Hobbes: Operating System and Runtime Research for Extreme Scale

PI Ron Brightwell, Sandia National Laboratories
Project Description

Four key challenges facing future large‐scale computing systems are; dramatically improve power efficiency, improve resilience in the presence of increasing faults, enable efficient data movement across deepening memory hierarchies and new storage technologies, and managing dramatically increased parallelism. To address these challenges, the operating system and runtime (OS/R) must take on more responsibility for managing more resources, like power and parallelism, and share more of the burden for insulating applications from the complexities of a system. Much of the focus of extreme‐scale system software in the last decade has been on measuring and characterizing the impact the OS can have on application scalability.

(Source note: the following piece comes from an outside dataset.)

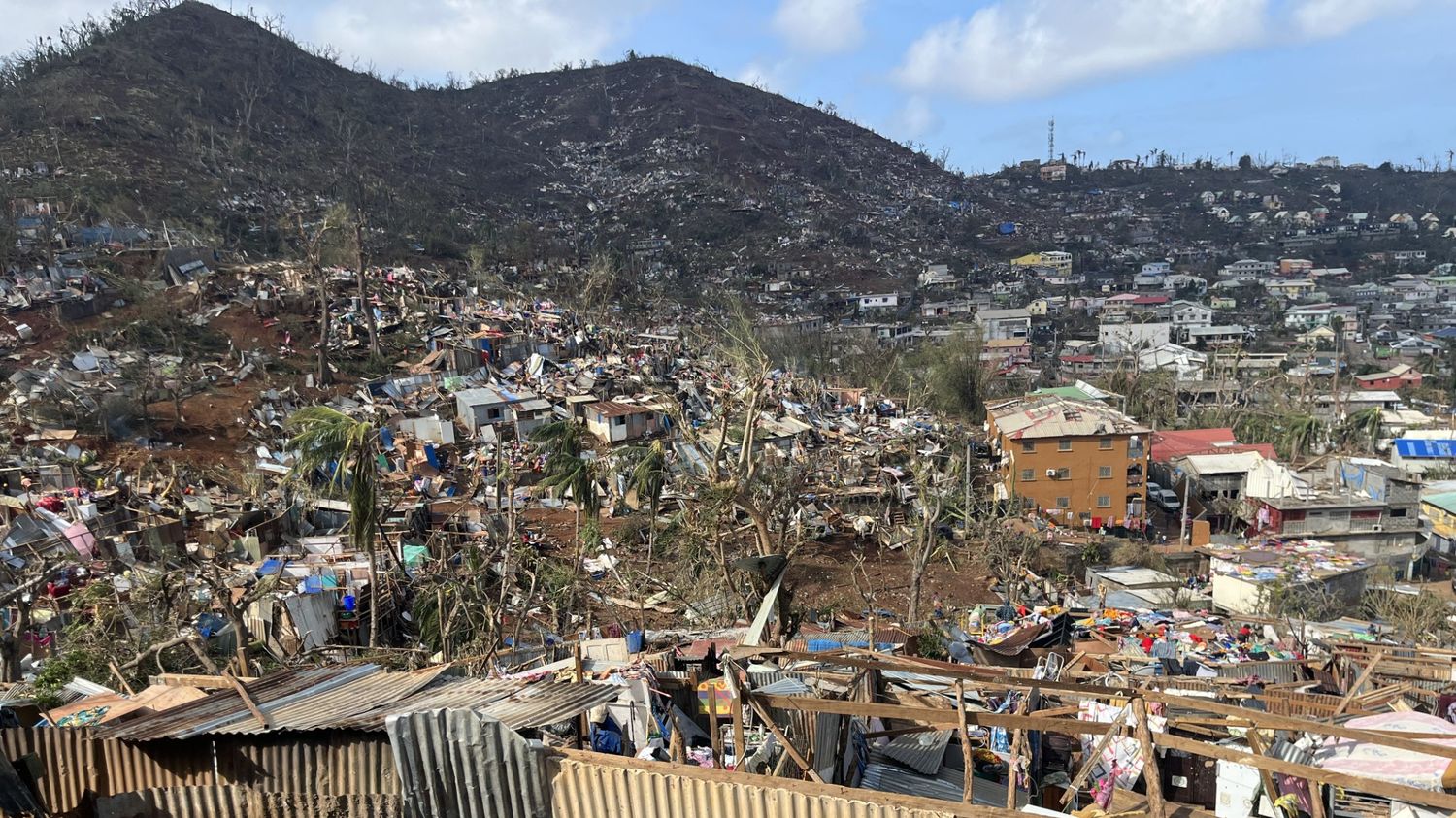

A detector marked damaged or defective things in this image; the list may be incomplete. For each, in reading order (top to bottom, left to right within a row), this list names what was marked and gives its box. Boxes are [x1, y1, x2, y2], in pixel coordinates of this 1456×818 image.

The Hobbes project is a collaboration of four national laboratories and eight universities with the goal of providing a system software environment that enables application composition through lightweight virtualization. Rather than providing a single unified OS/R that supports several parallel programming models, Hobbes is leveraging lightweight virtualization that provides the flexibility to construct and execute custom OS/R environments. While much of the exploration and development of the Hobbes software environment can be done at small scale, evaluating the scalability of OS/R interfaces and mechanisms at large scale is crucial. This project supports large scale testing and evaluation of OS/R implementation techniques to improve OS/R for future high performance computing machines.